Mozambique Boosts Vehicle Imports and Tax Revenue via Tanzania as Digital Economy Reforms Loom

Mozambique’s Cabo Delgado province has witnessed a surge in used car imports from Japan, with 1,233 vehicles recorded in the first half of 2025 alone, all entering through the Negomano border post shared with Tanzania.
This marks a notable shift from 2024 figures, which saw 2,024 cars brought in over the entire year. The delegate of the Tax Authority in Cabo Delgado, Helmano Nhatitima, attributed the uptick in cross-border trade to heightened activity at the Mueda district post, which now sees roughly 168 vehicles arriving monthly. He stressed that this has translated into improved tax revenue for the province and the state at large.
The increased vehicle imports are also reflecting positively in state revenue collections. In 2023, the Cabo Delgado office of the Tax Authority exceeded its target by collecting 27.1 million meticais (€361,000), against a target of 24.1 million meticais (€321,000). That growth trajectory continued into 2024, with revenues hitting 36 million meticais (€480,000). These gains underscore the province’s strategic role in Mozambique’s broader fiscal strategy and the importance of cross-border trade in supporting national economic resilience amid regional instability.

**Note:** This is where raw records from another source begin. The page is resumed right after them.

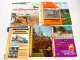 13x Original Prospekt Amazone Landtechnik Produktprogramm 1970er bis 2000er J.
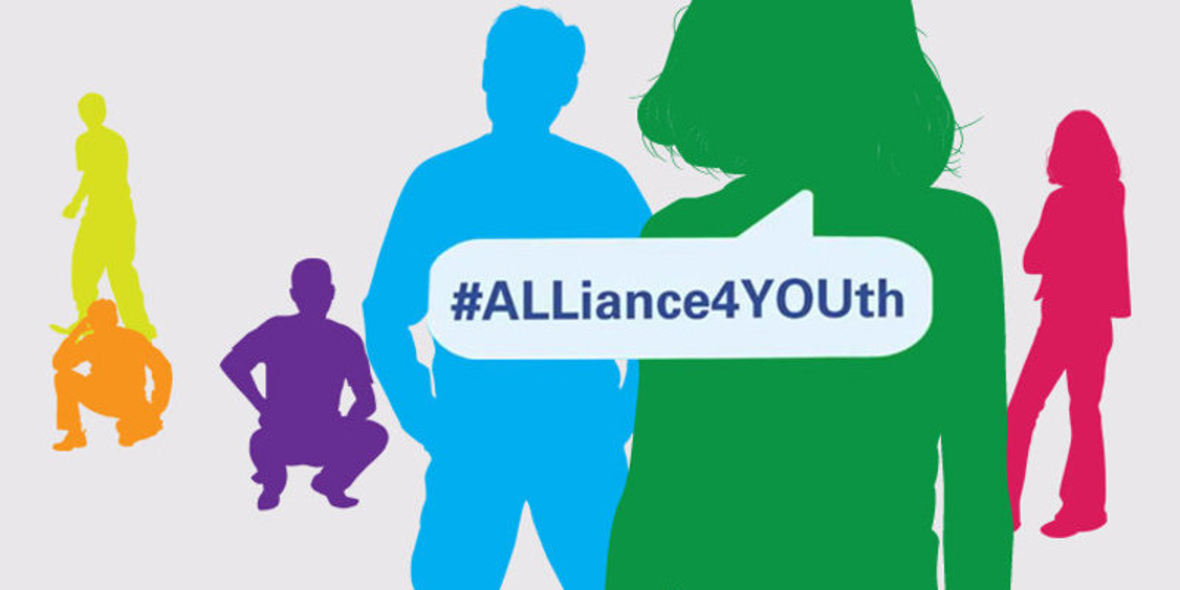 Arbeitsplätze für Jugendliche dank Initiative 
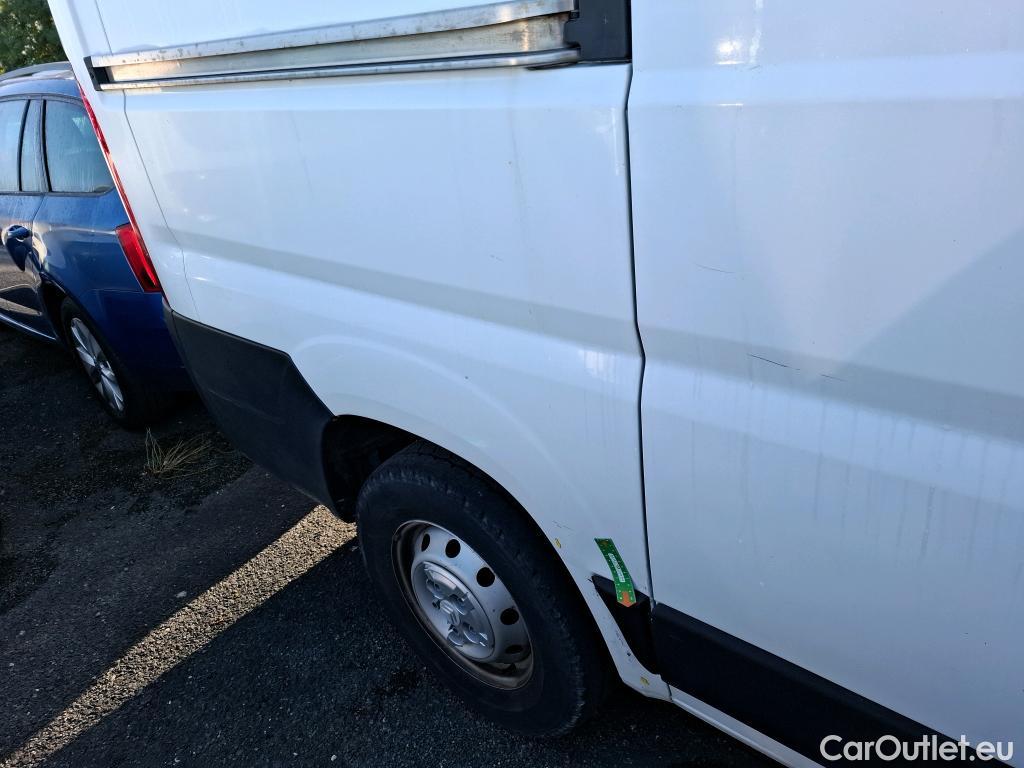  Citroen  Jumper CITROEN  VU 4p Fourgon 33 L1H1 BlueHDi 130 BVM6 Club #3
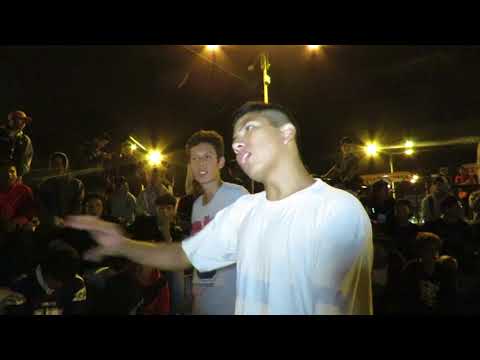 SEVEN SIAN vs 2MC's - 2vs2 SOUTHOOD AUDICION DH SUR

Looking ahead, Mozambique’s 2025 State Budget and Economic and Social Plan outlines a series of tax reforms aimed at expanding domestic revenue. These include intensified audits, the inclusion of 200,000 new taxpayers, and the introduction of mechanisms to tax digital transactions and e-commerce activities. The reforms are expected to modernise the tax regime by strengthening institutional capacity, enhancing compliance in sectors such as tourism, electronic money services, and mineral and agricultural exports. The move reflects a broader shift towards fiscal sustainability and digital tax innovation in line with global best practices.